No, The jihad, and the prohibition against thinking machines (and references to the war) are in the first book. First few chapters even.
(The confusion is over what role Butler had in the jihad. That part was written by subsequent authors. The bits about it being an uprising against synthetic intelligence, and earth being destroyed, are well established in the very first book.)
Here's a nice little blurb from Wikipedia, which covers the first 3 books only.
Thinking machines is a collective term for artificial intelligence in Frank Herbert's science fiction Dune universe. The Butlerian Jihad — a human crusade against thinking machines — is an epic turning point in the back-story of the Dune universe.[31][32] The thinking machines are first mentioned in 1965's Dune, the glossary of which includes the following:
JIHAD, BUTLERIAN: (see also Great Revolt) — the crusade against computers, thinking machines, and conscious robots begun in 201 B.G. and concluded in 108 B.G. Its chief commandment remains in the O.C. Bible as "Thou shalt not make a machine in the likeness of a human mind."[31]
In Dune Messiah (1969), the Tleilaxu Face Dancer Scytale notes that "From the days of the Butlerian Jihad when 'thinking machines' had been wiped from most of the universe, computers had inspired distrust."[8] Herbert refers to thinking machines and the Jihad several times in his later works in the Dune series, but does not give much detail on how he imagined either.[32] In God Emperor of Dune (1981), Leto II Atreides indicates that the Jihad had been a semi-religious social upheaval initiated by humans who felt repulsed by how guided and controlled they had become by machines:
"The target of the Jihad was a machine-attitude as much as the machines," Leto said. "Humans had set those machines to usurp our sense of beauty, our necessary selfdom out of which we make living judgments. Naturally, the machines were destroyed."[10]

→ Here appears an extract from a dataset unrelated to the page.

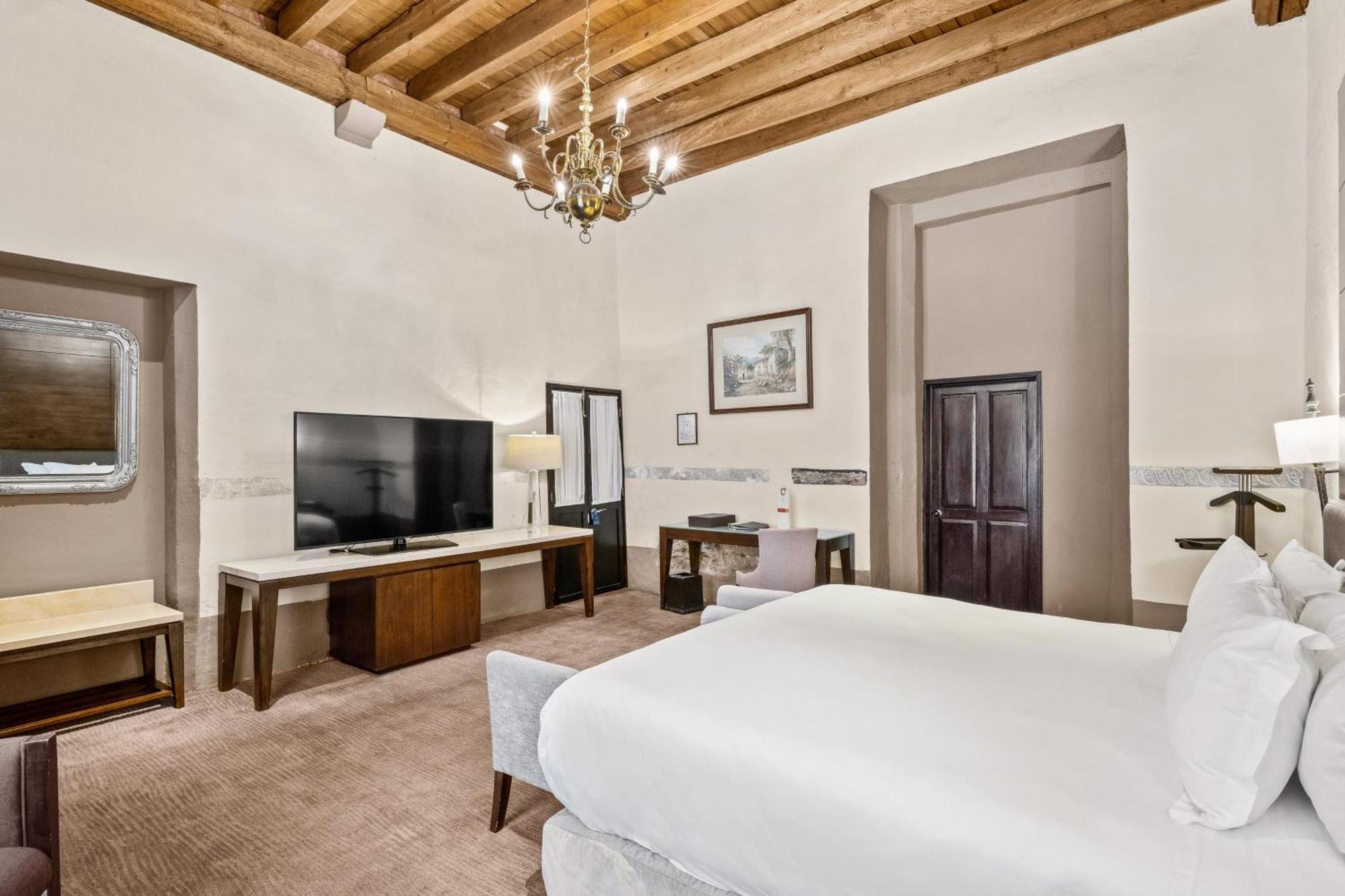 Отель Quinta Real Пуэбла Экстерьер фото A guest room at the Hotel Santa Fe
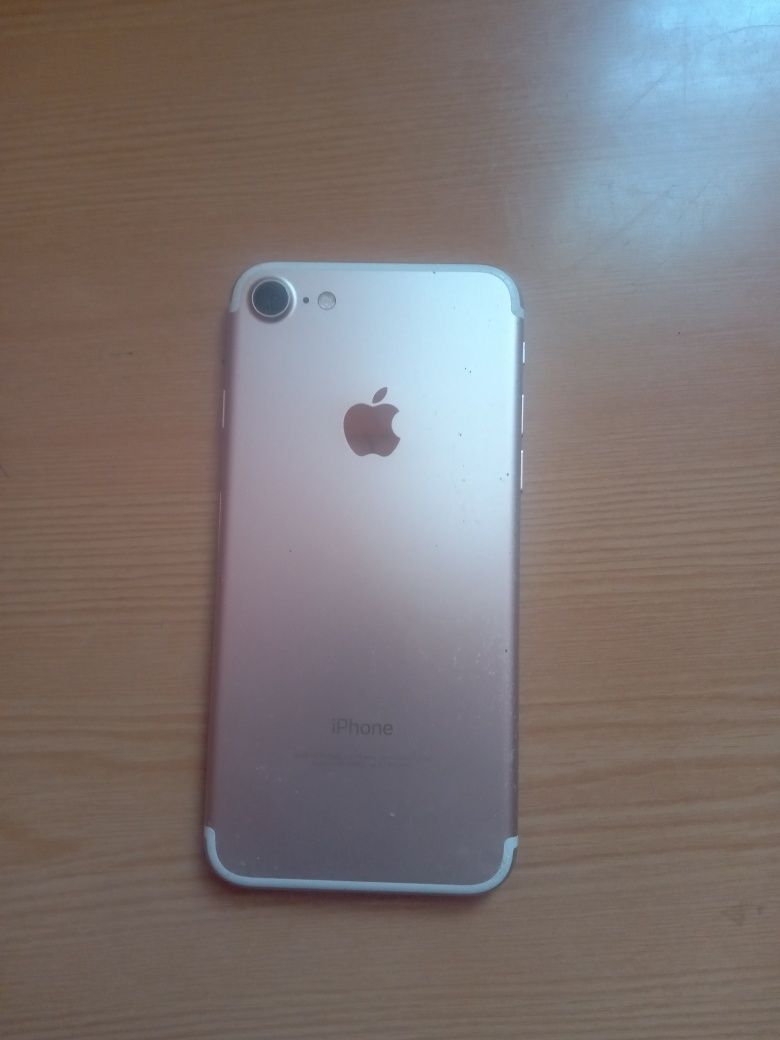 Продам айфон7 iphone 7 128Gb.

Later in the same novel, Leto tests Siona Atreides, who experiences a vision of the future Leto is trying to prevent with his Golden Path — mankind's extinction at the hands of "seeking machines":[33]
He knew this experience, but could not change the smallest part of it. No ancestral presences would remain in her consciousness, but she would carry with her forever afterward the clear sights and sounds and smells. The seeking machines would be there, the smell of blood and entrails, the cowering humans in their burrows aware only that they could not escape . . . while all the time the mechanical movement approached, nearer and nearer and nearer ...louder...louder! Everywhere she searched, it would be the same. No escape anywhere.[10]
Herbert's death in 1986 left this topic unexplored and open to speculation.[32]
The implication is that humans created synthetic intelligence, and could not coexist with it. There was a war over ideology, with the thinking machines creating autonomous weapons that dispersed into the galaxy seeking out human civilizations to exterminate, and humans likewise exterminating synthetic intelligences wherever and whenever they encountered them, along with prohibitions against ever creating new ones. The potential that the remnants of the thinking machines would find humanity all clustered together in one place (and thus usher in a final extinction) was one of the potential futures the golden path (of diaspora) was meant to prevent.
See also, this wikipedia excerpt on Holtzman Drive
Holtzman drive
Spacing Guild heighliner in the 2000 miniseries Frank Herbert's Dune
The effect is used in this case to fold space at the quantum level, allowing the Spacing Guild's heighliner ships to instantaneously travel far distances across space without actually moving at all. However, the chaotic and seemingly non-deterministic quantum nature of "foldspace" requires at least limited prescience on the part of the human navigator; otherwise the absurdly complex mathematics involved in producing reliable physical projections of such events would only be possible with advanced computers, which are strictly prohibited because of mankind's crusade against thinking machines, the Butlerian Jihad. To this effect, the Guild produces melange-saturated Navigators who intuitively "see paths through foldspace" in this way.[2] This stumbling block is overcome several thousand years after the events of Dune when Ixian scientists develop mechanical replacements for Guild Navigators.[5]
So, the basic premise of "because humans could not coexist with synthetic intelligence" is simply true, regardless of cymeks and pals being considered cannon or not.